Perfectly sound, but a bit churchy for my taste.
So I've been turning this commandment in the light for about twenty years now. To me it does in fact refer to the historical Buddha. Because he's much more likely to hurt you than anyone else.
Some huckster in a plaid sport coat could con a minority of seekers with his pious salvation scams, but most of us will walk past that. No, to screw the majority, you need the real thing. That'll get us all worshipping when we should be practicing.
'Fore you know it, robes and gongs and incense will be all that's left of Buddhism. We'll be anointing statues, chanting names, venerating relics. At last some clever-dick will bust out the sutras and start telling us the Buddha said this and the Buddha said that, all in defence of this massive religious folk dance we will all have to complete before we're allowed to seek enlightenment.
Hell, with a little luck, we might even get the Buddha to straight-up end all Buddhism on Earth.
Which is why you want to kill that mofo good.
One good whop with your monk stick.
Because the fact is, Gautama left us 2500 years ago. He spoke his piece, left his treasures, and sensibly died.
Don't let a zombie eat your brain.
(Photo of an arrestingly Buddhic road in Uzbekistan courtesy of Arina Pan and Wikimedia Commons.)
Wednesday, 14 August 2024
WW: 2024 teeshirt
(Every summer I issue myself a new teeshirt. Here's this year's pick.)
Appearing also on My Corner of the World.
Thursday, 8 August 2024
Street Level Zen: Attainment
Abraham Lincoln
(Photo courtesy of Radek Skrzypczak and Unsplash.com.)
Thursday, 13 June 2024
One-Armed Pathfinder Huike
Huike appears to fit the global definition of hermit, as his Wikipedia article says he was "considered enlightened but criticised for not having a teacher." He eventually filled this gap in his c.v. by convincing none other than Bodhidharma to take him as a student, though folklore says he had to amputate an arm as collateral. (Still cheaper than an American university.)
But if we assume that at least the part about becoming Bodhidharma's student is accurate, that makes Huike typical of the anti-scholasticism of early Chàn. Bodhidharma, Huike, Huineng, Layman Pang – this renewalist rebellion is lousy with hermits. Huike's own teachings, heavy on meditation, light on sutra study, underscore this theme.

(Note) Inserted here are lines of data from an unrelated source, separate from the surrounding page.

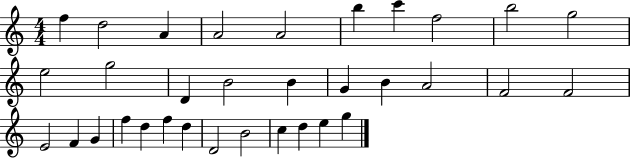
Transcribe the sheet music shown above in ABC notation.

X:1
T:Untitled
M:4/4
L:1/4
K:C
f d2 A A2 A2 b c' f2 b2 g2 e2 g2 D B2 B G B A2 F2 F2 E2 F G f d f d D2 B2 c d e g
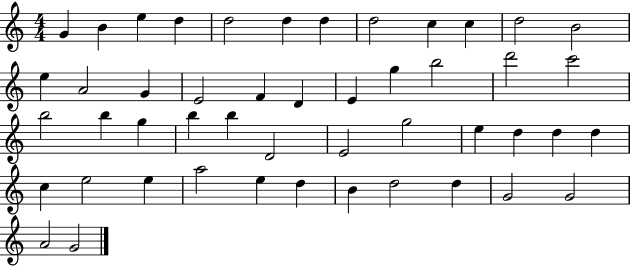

Tellingly, upon his assumption of Bodhidharma's teaching duties, our ancestral literature tells us that another Buddhist teacher – i.e., a "certified authority" – sent an assassin to kill him, on suspicion of disciple-poaching. Thus are preserved two useful historical points: that Buddhism has always been a religion like any other – worldly, fallible, hypocritical – and the koanic notion of a Buddhist assassin. (Or near-assassin; in the end, Huike defused this bomb Buddha-fashion: by converting the hit man.)
These and other stories (including "Bodhidharma's Skin and Bones", perhaps the most foundational parable in Chàn/Zen) can be found in the concise and readable Wikipedia entry. If you're interested in Zen's origins, it's worth the visit.
(Huike Thinking, attributed to Shi Ke [石恪], courtesy of the Tokyo National Museum and Wikimedia Commons.)